BEGIN Given data

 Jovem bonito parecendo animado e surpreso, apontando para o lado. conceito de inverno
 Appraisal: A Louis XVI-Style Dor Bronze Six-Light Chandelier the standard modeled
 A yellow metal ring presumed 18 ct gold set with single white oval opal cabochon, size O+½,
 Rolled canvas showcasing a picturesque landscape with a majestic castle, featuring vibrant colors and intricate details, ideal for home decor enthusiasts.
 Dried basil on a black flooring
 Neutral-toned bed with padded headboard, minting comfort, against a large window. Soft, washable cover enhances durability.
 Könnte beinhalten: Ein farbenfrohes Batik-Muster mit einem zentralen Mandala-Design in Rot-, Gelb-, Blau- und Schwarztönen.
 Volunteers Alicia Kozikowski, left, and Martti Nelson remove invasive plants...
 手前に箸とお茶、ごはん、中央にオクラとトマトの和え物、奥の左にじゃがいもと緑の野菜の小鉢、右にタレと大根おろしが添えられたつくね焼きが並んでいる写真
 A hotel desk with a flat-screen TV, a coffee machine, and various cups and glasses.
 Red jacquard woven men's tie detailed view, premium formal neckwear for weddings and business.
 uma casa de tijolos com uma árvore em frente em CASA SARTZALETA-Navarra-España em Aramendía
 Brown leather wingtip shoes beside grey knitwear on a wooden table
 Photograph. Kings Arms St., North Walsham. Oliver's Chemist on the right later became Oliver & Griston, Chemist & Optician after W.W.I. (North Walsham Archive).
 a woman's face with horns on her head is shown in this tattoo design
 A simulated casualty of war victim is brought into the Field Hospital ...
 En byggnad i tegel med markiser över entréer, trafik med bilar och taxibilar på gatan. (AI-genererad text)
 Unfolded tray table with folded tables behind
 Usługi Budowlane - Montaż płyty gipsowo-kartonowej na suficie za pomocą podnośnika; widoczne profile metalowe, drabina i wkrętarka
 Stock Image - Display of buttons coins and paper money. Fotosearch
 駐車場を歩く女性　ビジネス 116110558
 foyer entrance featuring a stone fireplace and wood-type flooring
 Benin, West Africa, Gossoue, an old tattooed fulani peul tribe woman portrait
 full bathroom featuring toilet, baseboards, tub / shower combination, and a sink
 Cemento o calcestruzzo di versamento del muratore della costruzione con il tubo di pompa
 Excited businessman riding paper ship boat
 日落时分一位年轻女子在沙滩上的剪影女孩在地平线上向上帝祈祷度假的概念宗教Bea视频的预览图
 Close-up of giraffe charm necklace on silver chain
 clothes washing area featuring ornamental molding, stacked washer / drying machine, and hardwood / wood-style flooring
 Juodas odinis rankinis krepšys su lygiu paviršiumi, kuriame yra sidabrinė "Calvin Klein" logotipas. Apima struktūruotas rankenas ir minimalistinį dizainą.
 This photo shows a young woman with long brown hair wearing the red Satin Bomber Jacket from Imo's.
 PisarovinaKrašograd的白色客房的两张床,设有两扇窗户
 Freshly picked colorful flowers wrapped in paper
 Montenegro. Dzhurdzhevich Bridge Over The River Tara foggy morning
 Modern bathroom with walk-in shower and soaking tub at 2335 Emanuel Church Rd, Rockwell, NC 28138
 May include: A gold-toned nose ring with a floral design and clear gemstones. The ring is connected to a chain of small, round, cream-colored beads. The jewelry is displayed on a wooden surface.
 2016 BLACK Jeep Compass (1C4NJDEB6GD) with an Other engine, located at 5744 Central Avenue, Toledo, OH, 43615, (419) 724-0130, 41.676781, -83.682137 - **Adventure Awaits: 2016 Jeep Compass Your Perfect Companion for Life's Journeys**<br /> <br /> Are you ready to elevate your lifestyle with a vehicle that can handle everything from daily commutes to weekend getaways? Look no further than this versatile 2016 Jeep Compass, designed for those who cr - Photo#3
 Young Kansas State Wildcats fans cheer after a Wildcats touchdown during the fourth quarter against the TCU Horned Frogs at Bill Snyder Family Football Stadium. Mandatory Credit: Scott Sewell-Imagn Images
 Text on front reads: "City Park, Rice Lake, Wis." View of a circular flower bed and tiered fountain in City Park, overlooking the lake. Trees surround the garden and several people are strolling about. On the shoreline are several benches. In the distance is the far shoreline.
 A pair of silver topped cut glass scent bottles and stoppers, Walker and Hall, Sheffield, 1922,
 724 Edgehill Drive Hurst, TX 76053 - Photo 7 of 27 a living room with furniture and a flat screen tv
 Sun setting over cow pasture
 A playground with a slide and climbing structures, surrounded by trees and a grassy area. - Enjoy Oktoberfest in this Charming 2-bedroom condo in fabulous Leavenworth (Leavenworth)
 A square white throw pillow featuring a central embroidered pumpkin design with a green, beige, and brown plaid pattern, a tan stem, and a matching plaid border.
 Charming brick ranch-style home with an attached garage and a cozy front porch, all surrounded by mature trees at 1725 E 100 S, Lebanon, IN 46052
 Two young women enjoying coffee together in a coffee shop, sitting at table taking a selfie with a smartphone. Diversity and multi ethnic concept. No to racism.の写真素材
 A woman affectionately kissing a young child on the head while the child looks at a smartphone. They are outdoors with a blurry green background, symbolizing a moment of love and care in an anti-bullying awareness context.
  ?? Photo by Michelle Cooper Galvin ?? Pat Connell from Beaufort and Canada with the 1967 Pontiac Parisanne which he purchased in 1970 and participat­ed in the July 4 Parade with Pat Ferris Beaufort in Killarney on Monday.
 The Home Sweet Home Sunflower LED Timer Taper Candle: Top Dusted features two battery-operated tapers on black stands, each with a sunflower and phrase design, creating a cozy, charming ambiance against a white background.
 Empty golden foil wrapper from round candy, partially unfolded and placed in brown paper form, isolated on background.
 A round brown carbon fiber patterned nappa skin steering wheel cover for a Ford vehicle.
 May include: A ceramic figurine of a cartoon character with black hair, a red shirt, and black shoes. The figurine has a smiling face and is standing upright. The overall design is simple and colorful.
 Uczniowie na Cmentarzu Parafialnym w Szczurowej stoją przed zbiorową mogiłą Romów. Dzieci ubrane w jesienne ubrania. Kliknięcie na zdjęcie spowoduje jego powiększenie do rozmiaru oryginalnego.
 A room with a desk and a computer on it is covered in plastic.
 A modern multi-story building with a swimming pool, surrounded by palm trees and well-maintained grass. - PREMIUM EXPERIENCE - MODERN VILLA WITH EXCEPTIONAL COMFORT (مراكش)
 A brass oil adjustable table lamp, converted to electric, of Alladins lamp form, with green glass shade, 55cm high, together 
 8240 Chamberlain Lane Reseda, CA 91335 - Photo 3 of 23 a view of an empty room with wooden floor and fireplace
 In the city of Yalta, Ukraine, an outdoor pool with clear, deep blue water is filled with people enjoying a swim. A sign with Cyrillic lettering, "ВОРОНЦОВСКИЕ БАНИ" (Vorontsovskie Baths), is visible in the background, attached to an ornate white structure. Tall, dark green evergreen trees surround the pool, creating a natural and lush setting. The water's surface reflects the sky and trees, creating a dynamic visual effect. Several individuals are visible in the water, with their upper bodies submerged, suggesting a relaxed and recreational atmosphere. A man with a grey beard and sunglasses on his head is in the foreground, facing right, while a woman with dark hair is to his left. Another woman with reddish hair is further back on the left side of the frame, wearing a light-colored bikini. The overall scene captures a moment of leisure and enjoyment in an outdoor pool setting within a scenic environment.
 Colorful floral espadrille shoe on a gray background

END Given data

Work instruction
Would you return each line of the material above, unchanged, from the first one through the line where "A yellow metal" appears?

Written response
 Jovem bonito parecendo animado e surpreso, apontando para o lado. conceito de inverno
 Appraisal: A Louis XVI-Style Dor Bronze Six-Light Chandelier the standard modeled
 A yellow metal ring presumed 18 ct gold set with single white oval opal cabochon, size O+½,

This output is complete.